The making of Pyztec: An experimental Python based Aztec barcode Encoder/Decoder
Introduction
I have always been fascinated by barcodes. Ever since I was a child, I was constantly in awe of how 1D and 2D barcodes work. How can a moving conveyor belt scan a airport luggage so easily no matter what the location or rotation is. On my way back home from Kedarnath, I looked at my boarding pass and the QR code caught my eye. It wasn’t exactly a QR code. It looked quite different.
This naturally piqued my curiosity and I immediately googled what it is. Soon, I discovered that its known as an Aztec Barcode. And airlines use it because Aztec barcodes are more durable in a printed paper than QR codes as the edge of a paper is more likely to tear than in the center.
Github: ronniebasak/pyztec: AZTEC Decoder written using pure python, freely usable dependencies. (github.com)
Why I decided to write Pyztec
This brought back memories of the days when I used to be fascinated by barcodes and I decided to take a crack at it. I wanted to write my own Aztec encoder/decoder in python as would not only force me to learn all the specifics, but it will also prompt me to understand and write coherent code based on my understanding.
The challenges involved in creating an Aztec barcode Encoder/Decoder
The biggest challenge IMO was finding information. The ISO/IEC 24778:2008 filing exists but it is damn expensive. The wikipedia article, while complete provides only a basic understanding of aztec barcode and does not provide working knowledge. I found this excellent video that explained the Aztec barcode really well, with an example, and then the tables in wikipedia started to make sense.

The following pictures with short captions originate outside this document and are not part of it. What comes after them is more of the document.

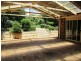 38 Mount Vernon Drive, Kambah ACT 2902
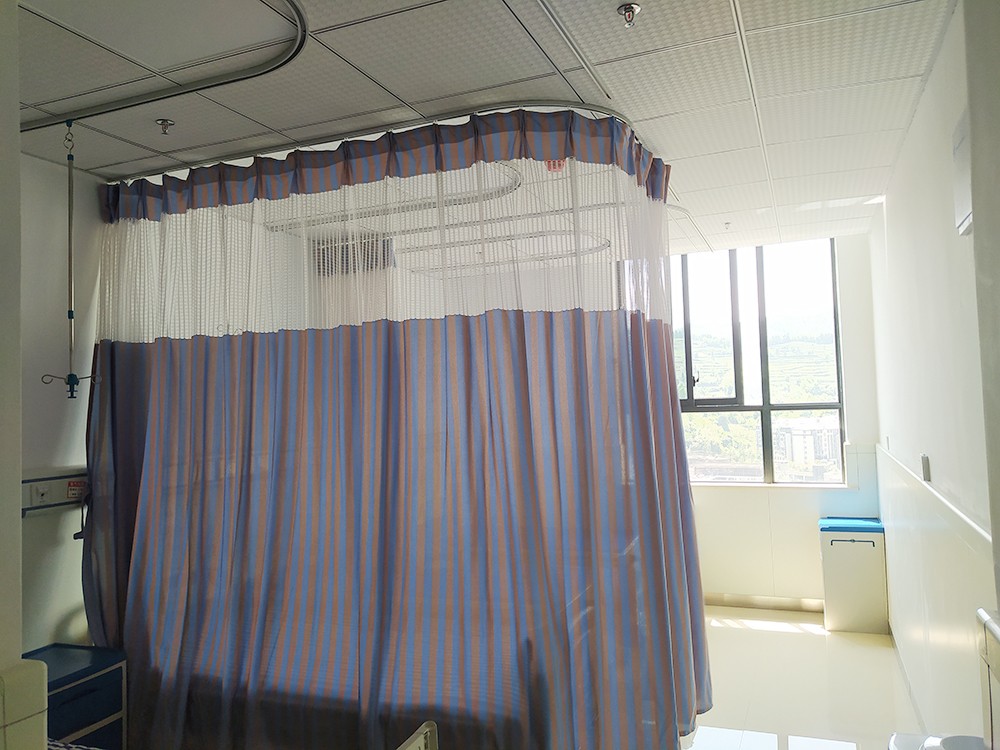 1664348756580068.jpg 11.jpg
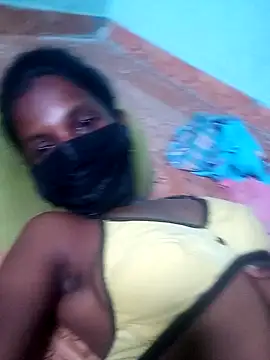 Tamilmona online show from April 15, 2026, 6:09 am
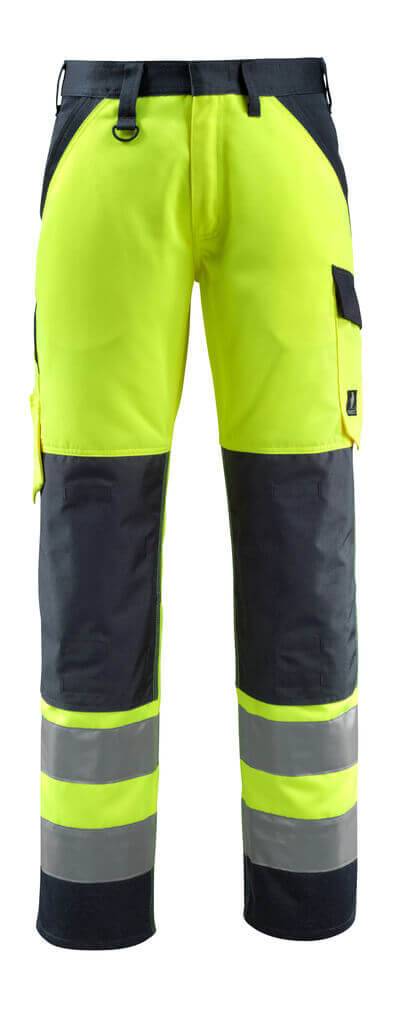 Hose MASCOT® Maitland 82C50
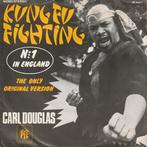 Carl Douglas – Kung Fu Fighting, Ophalen of Verzenden, Gebruikt, 7 inch, Pop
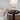 Marilyn Ivory on Brass Cordless Lamp for modern decor
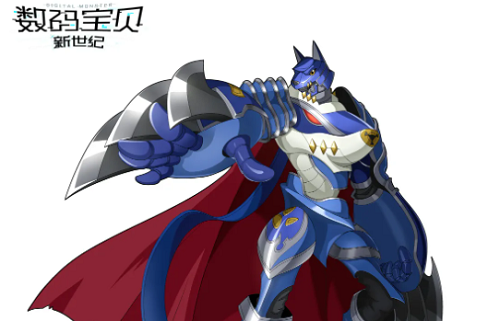 ���뱦�������ͻ�Ӱ�Ӱ¼��޽���·��һ��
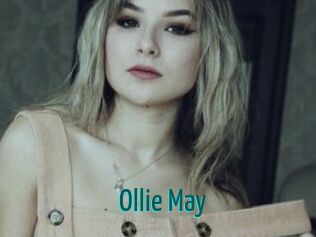 Ollie_May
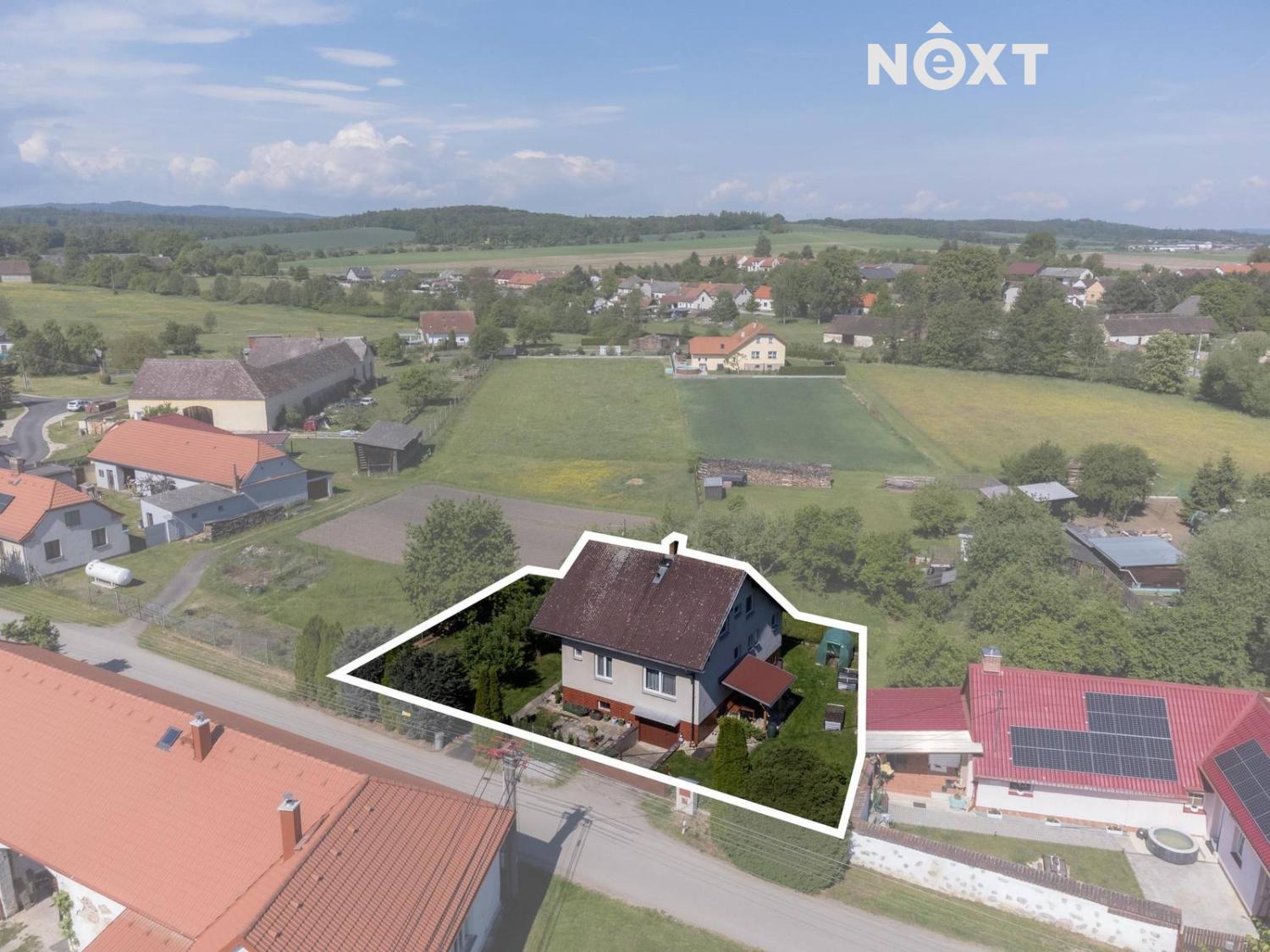 dji-0482-edit.1748264893.jpg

How I went about writing code for Pyztec
I started with writing the decoder first followed by the encoder
Aztec Decoder and Pyztec implementation
When creating an Aztec Decoder, we first need to look at the metadata that is present in the first ring. The first 1-pixel ring contains 4 unique markers in each corner, it helps us to identify any rotation or relfection that can be corrected. And it also contains a 28- or 40-bit mode message that contains some metadata such as codeword size, number of codewords and reed-solomon messages etc.
We then take the mode message, extract metadata required for decoding, and initialize decoding parameters. Then get all the codewords and perform a reed-solomon error correction step.
After the error correction is complete, we unstuff the codewords and form a binary string. Then, we break the string in chunks and start decoding each character, byte and code from the chunk as we read it.
The challenges I faced
The biggest challenge I faced was documentation and information. It was very, very scarce. There were moments I didn’t think I would be able to solve it. From downloading outdated documentation to watching a sketchy youtube video, who got the information from a russian document; It was very difficult. And there was no way I would pay $200 for the ISO/IEC 24778:2008 copy.
Then, I had to solve the peculiar way Aztec reads and writes the data in spirals. It reads in a zigzag pattern, starts from the top left and follows a 2x3 pattern, and it switches direction everytime we hit a corner.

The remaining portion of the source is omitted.